Мой двойник встал и направился в коридор.
– Нет, пожалуйста, ты должен мне помочь. Не убивай себя. Ты единственная моя надежда! Пожалуйста! – взмолился я.
– Прости, друг. Я бы рад помочь, но, если бы меня даже не запрограммировали на самоубийство, мне все равно пришлось бы покончить с собой. Я не смогу жить после того, что я совершил.
Я преградил ему путь.
– Да ладно прикидываться, у тебя получится. Не так все и ужасно. Это же были проститутки! В том-то и штука! Они деньги получают за то, чтобы быть убитыми серийными маньяками. Такова традиция! И должен сказать тебе, некоторые из твоих дизайнерских экспериментов с потрохами получились весьма интересными.
– Прочь с дороги! – потребовал он. – Мне не хочется тебя бить, поскольку это все равно что бить самого себя, а я не мазохист. Вдобавок, было бы нелепо…
– Я не могу тебе этого позволить!
Я обхватил его и яростно втолкнул обратно в комнату. Мы налетели на стол, сбив стоявший на нем горшок с цветком. Горшок свалился на пол и разбился. Мы боролись, передвигаясь от одной стены к другой, и мне казалось, что этот поединок будет продолжаться до бесконечности, поскольку наши силы были равны. Однако потасовке суждено было закончиться раньше, чем я думал.

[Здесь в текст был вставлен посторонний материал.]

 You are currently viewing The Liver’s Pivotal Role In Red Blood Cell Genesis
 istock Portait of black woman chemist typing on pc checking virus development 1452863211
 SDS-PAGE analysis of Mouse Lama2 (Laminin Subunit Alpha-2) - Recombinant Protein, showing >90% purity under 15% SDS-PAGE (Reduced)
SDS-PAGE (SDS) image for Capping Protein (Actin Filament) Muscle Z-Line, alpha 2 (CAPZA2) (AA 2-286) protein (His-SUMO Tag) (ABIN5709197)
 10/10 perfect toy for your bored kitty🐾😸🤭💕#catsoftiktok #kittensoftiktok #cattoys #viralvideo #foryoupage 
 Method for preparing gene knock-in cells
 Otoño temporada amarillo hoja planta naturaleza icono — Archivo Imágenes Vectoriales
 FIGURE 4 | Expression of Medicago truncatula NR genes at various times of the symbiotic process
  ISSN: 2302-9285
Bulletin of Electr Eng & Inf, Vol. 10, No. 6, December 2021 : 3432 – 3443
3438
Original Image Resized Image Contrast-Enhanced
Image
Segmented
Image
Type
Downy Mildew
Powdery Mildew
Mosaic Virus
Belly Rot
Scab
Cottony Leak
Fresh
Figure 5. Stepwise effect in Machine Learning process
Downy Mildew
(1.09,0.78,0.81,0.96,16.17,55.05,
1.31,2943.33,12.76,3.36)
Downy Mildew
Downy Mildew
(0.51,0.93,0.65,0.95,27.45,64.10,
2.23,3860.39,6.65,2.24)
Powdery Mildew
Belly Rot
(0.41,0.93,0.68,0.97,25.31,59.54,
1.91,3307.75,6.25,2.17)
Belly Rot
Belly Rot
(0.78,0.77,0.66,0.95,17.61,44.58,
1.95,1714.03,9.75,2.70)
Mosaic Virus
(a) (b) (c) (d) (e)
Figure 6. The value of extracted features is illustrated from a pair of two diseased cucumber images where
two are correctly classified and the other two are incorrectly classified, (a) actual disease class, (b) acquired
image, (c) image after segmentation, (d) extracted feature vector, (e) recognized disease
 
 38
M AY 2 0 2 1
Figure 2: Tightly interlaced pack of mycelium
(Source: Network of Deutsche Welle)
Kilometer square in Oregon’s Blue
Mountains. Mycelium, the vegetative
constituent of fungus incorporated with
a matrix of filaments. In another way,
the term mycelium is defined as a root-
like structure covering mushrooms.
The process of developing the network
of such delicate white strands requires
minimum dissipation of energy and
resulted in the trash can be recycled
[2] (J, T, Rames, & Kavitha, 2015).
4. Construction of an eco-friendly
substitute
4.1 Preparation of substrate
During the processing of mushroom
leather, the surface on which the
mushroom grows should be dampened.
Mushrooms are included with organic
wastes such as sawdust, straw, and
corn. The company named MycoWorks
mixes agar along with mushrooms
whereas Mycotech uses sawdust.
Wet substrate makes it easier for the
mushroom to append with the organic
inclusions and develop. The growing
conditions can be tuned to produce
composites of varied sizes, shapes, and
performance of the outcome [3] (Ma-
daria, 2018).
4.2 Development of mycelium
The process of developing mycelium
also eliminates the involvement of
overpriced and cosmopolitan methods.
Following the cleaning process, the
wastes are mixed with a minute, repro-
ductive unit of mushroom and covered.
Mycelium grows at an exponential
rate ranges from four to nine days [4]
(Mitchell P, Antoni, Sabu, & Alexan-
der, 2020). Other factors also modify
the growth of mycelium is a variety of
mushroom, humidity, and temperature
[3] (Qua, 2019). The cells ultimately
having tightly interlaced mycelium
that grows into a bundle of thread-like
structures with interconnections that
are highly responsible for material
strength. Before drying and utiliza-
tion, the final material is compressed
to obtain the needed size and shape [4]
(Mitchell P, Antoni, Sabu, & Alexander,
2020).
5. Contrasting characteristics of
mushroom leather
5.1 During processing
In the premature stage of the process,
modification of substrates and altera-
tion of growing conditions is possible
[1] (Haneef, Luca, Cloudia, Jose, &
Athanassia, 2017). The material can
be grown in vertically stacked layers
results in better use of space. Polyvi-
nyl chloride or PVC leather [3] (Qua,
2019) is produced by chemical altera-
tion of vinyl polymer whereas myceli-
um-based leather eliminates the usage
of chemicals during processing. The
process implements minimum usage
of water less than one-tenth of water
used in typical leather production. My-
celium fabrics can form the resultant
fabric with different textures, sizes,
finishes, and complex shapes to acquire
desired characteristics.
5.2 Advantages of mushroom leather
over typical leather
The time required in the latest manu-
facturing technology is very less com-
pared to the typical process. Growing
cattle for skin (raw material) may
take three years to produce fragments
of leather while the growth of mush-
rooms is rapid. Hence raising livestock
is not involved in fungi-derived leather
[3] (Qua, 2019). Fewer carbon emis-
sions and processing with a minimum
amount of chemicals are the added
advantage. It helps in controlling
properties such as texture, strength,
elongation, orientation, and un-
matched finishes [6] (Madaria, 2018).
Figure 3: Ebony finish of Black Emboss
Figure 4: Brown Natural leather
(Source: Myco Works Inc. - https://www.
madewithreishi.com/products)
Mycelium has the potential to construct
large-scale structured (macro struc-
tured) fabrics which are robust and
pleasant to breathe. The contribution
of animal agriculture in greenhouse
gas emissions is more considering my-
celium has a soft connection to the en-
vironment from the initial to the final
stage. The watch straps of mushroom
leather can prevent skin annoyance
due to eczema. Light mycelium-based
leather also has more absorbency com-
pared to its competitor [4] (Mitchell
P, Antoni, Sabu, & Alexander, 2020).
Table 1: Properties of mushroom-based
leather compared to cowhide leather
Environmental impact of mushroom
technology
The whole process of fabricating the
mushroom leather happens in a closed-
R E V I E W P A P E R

Находившаяся во дворе госпожа О'Лири ничего не знала о яростном сражении наверху, но приблизительно в 11.25, когда она услышала оглушительный «бах!» «Магнума» калибра.44, у нее чуть не случился сердечный приступ, как и у ее цыплят. Она поспешила наверх узнать, что произошло.
Впопыхах госпожа О'Лири не обратила внимания на масляную лампу, которую только что опрокинула ее корова. В этот момент начали тлеть лишь отдельные соломинки, однако через два часа весь город будет объят пламенем.
Вот так и начался Великий Чикагский Пожар.